> I think I'm getting a clue what might be happening here.
> Could someone in the know please save my weekend and comment on this?
> If tcp_timer_rexmt() gets called during PMTU discovery, TCPT_REXMT will have
> fired, but will not be disarmed. This means that tcp_output() will never ever
> arm the retransmit timer again beacause it thinks its armed already.
it seems like a bug to me.
> Now, if we have a SACK hole, retransmit the hole, loose the segment again
> (or the ACK), tcp_output will exit at just_return without sending anything.
> There's even a comment above that this is possible in SACK, so there's code
> to re-arm the retransmit timer without having sent a segment, only this will
> not happen because the timer is already considered armed (i.e.
> TCP_TIMER_ISARMED(tp, TCP_REXMIT) wil be true), but it will not fire.
> So we hang.
> The problem is I can't get the NFS connection to hang right now and although
> I did print out the entire PCB with gdb, I didn't notice there was a SACK
> hole so I don't have that hole's retransmission state.
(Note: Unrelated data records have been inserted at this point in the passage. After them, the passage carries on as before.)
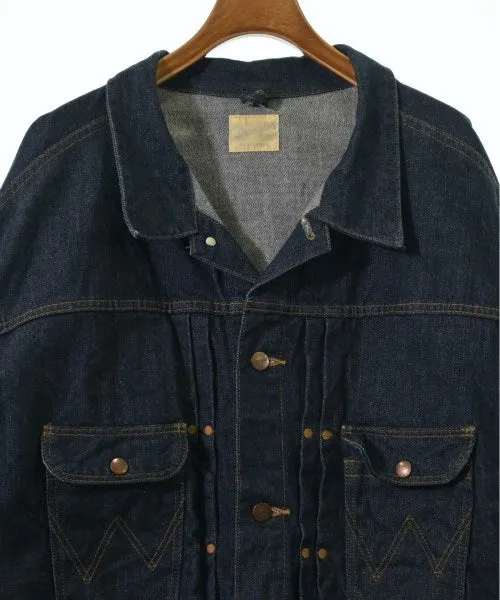 Vestes en denim Wrangler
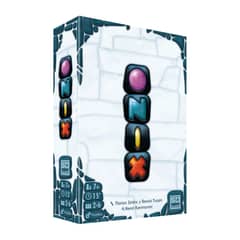 SD GAMES - Onix - Juego de mesa
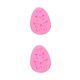 thumbnail image 2 of Bewildely Silicone Cookie Molds Celebration Baking Accessories Die Tools Mould Making Casting Fondant Embossed Crafting Hand-made Como se muestra 2piezas Bewildely CBP457899, 2 of 6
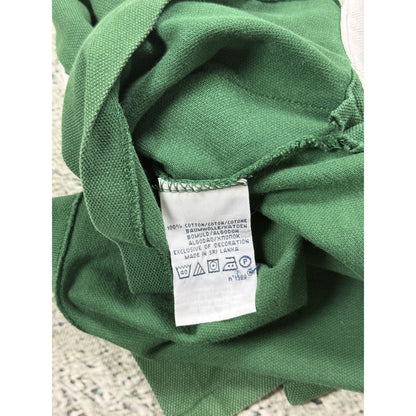 Chief Keef Polo Ralph Lauren Polo green white big pony Y2K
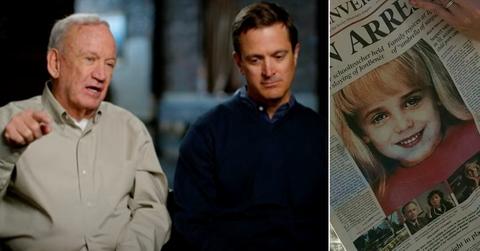 Evidence Missed: JonBenét Ramsey Dad and Brother Agree With Stun Gun Theory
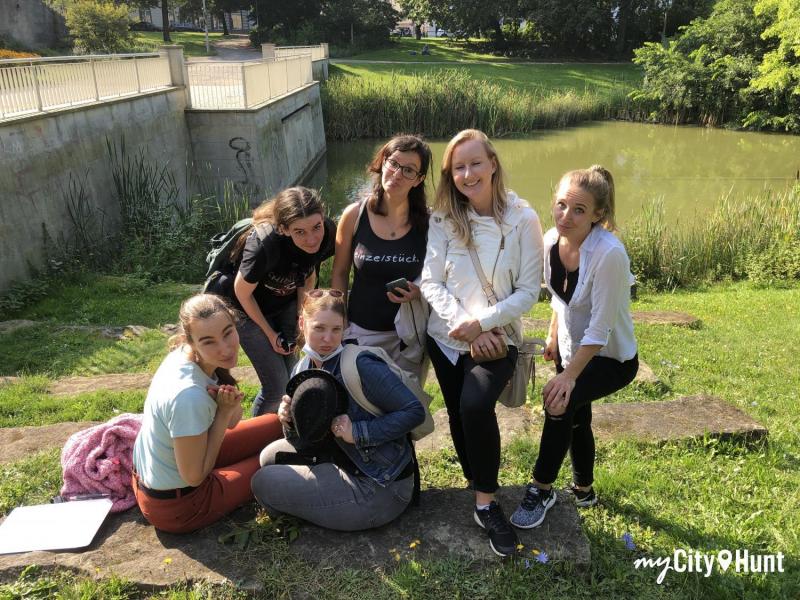 myCityHunt Schnitzeljagd 9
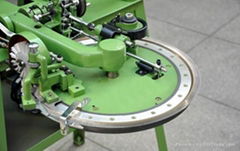 hand linking machine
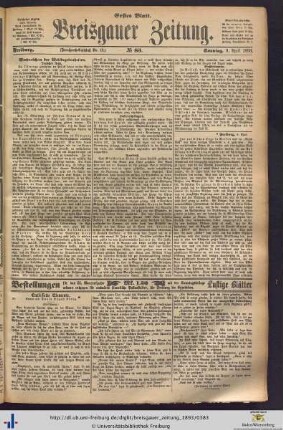 09.04.1893 (Erstes Blatt)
So I can't be entirely
> sure this analysis is correct until I manage to make the connection hang again
> and print out the missing information.
> Second problem is I can't just go ahead and install a patched kernel on that
> file server unless I'm really confident (i. e. someone in the know concurs)
> I found the problem, because, well, that's the file server.
> I must admit I don't fully understand how the code is supposed to behave if
> it's still in SACK recovery (but hasn't timed out on the lost segment) and
> new data comes in to be sent.
> So, please, could someone comment whether this sounds plausible or whether
> I'm missing the point?